Thanks for the responses. We had this convo upthread, but I’m now appreciating it a bit differently.
If I’m going to continually claim the reasons don’t matter and things just are, then I should include all the times when companies were prevented from even existing. They did not try and fail, they tried and the situation in their country just evaporated and so did the companies. At the end of they day, while not a free market force, those should be viewed as a type of “downward trends”. Very unlikely, but certainly possible.
I don’t think it changes the advice or how I view it. As long as retirement is still a thing that can be done, then there will be equity investment options.
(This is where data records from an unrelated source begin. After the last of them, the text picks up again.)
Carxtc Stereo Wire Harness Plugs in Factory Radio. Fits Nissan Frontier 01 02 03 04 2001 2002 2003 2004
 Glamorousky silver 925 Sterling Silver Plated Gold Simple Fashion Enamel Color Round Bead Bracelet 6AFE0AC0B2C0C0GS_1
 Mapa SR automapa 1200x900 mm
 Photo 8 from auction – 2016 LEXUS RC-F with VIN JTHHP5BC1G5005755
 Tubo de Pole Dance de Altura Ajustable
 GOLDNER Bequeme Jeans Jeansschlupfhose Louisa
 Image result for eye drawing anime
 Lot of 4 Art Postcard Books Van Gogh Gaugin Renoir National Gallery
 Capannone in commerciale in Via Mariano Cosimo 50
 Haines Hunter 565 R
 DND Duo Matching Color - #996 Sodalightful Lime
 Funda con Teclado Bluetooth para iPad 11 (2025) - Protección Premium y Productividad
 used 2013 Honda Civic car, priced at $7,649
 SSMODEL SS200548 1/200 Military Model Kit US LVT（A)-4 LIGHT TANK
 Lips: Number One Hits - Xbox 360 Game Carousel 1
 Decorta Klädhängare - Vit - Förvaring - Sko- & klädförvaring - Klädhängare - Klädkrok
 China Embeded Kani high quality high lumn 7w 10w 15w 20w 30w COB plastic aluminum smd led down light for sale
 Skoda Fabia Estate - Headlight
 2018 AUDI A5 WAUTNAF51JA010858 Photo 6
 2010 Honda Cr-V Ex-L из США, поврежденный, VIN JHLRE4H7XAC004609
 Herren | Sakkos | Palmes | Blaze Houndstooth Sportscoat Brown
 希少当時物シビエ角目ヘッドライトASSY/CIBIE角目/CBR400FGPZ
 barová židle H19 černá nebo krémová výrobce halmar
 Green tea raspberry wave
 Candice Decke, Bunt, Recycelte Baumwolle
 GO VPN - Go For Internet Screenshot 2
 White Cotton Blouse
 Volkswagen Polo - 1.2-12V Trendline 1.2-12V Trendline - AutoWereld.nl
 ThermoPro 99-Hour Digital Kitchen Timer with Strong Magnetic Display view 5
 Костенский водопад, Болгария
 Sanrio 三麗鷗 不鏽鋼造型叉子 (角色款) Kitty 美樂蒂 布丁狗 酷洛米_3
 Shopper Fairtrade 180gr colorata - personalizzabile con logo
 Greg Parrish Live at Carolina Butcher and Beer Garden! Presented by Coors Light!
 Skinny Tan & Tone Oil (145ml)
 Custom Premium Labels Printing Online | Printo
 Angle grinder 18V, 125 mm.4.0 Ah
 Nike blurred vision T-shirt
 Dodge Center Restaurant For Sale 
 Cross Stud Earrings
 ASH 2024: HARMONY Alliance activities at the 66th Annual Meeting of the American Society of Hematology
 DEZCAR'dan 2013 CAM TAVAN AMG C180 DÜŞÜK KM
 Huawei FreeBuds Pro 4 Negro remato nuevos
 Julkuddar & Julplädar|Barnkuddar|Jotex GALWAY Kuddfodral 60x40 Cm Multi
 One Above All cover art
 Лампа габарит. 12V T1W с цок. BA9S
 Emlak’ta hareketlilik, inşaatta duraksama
If free markets don’t exist in the world/US evaporates, I don’t think a comfortable retirement is the issue to worry about anymore. It’s just survival at that point.
If you want to remove an appropriate amount of American bias from investing, then just go worldwide with your equity investments (eg, ETF with 10,000 companies across the globe). Everything is captured, nothing changes with average returns, advice, waiting out downturns, etc.
The US is still the place to invest, IMO. Don’t get me wrong- I’ve moved a chunk into a European index fund, but something dramatic will have to happen for RoW to outperform the US markets.
And the reason is that Europe is even more moribund than the US. And that’s not MY opinion, the Economist has some recent articles of how much European taxes and regulations cost, and Brussels has acknowledged it in the wake of the Mario Draghi report. Regardless of what one thinks of the AI boom, if one of those companies had come up in the EU Von Der Leyden would have suffocated it in the crib. Don’t get me wrong- I love Europe, and I appreciate their efforts to look after their people. But they aren’t very competitive.
After that you get Japan, which is shrinking fast, and then it’s emerging and really small markets.
I know the US is f-d up, but I don’t see a better place to invest.
This gets at a real and existing concern. How in the world can the US ever repay its debt, which really means can the US manage its large debt forever?
We normally just manage it with growth and targeted inflation (basically). You can theoretically do that for a very long time. It definitely all hinges on US credibility, stability, and reliability.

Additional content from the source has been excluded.